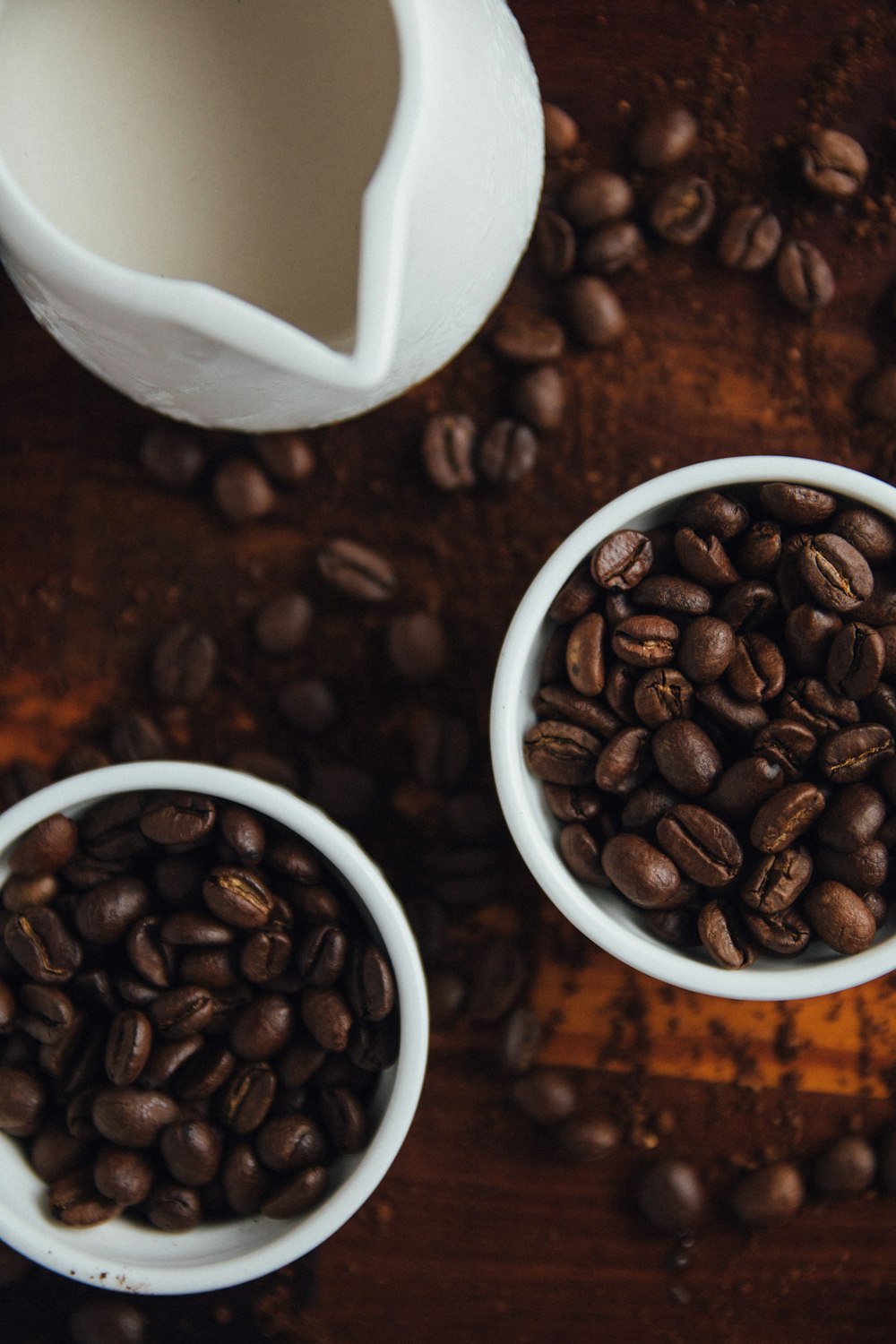 Grãos de café preto em canecas de cerâmica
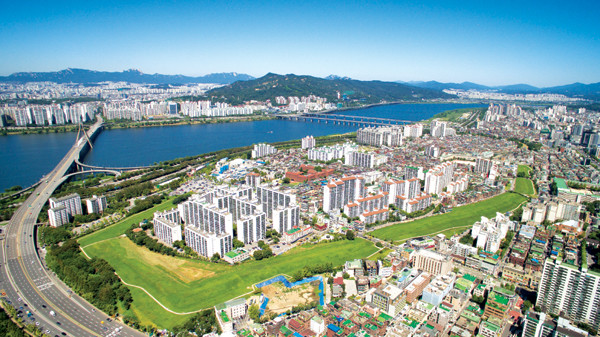 송파구 풍납동 일대가 서울시로부터 중심 시가지형 도시재생지역으로 선정돼 내년부터 200억원의 마중물 사업을 포함해 총 1186억원 규모의 다양한 사업이 진행된다. 사진은 풍납토성 전경.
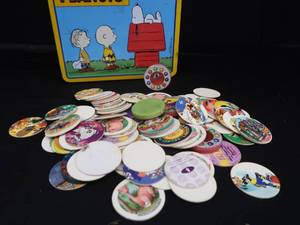 lot 37 image: VINTAGE METAL PEANUTS LUNCHBOX  POGS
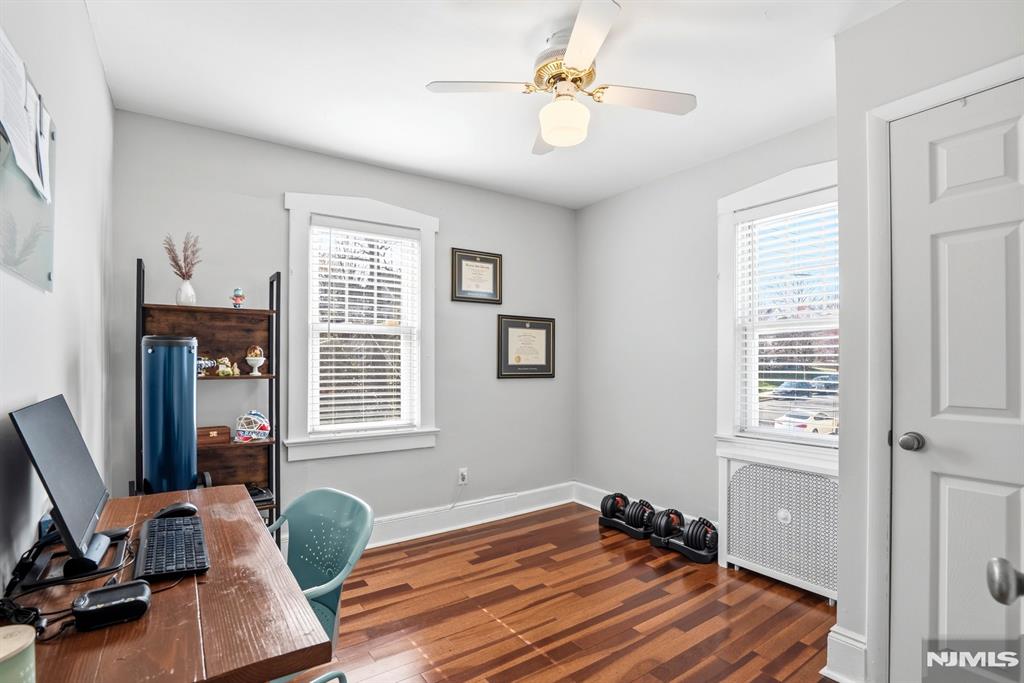 property viewer photo 13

● Task instructions:
A verbatim copy of the data, free of pictures, is the expected answer.

● Answer below:
 Grãos de café preto em canecas de cerâmica
 송파구 풍납동 일대가 서울시로부터 중심 시가지형 도시재생지역으로 선정돼 내년부터 200억원의 마중물 사업을 포함해 총 1186억원 규모의 다양한 사업이 진행된다. 사진은 풍납토성 전경.
 lot 37 image: VINTAGE METAL PEANUTS LUNCHBOX  POGS
 property viewer photo 13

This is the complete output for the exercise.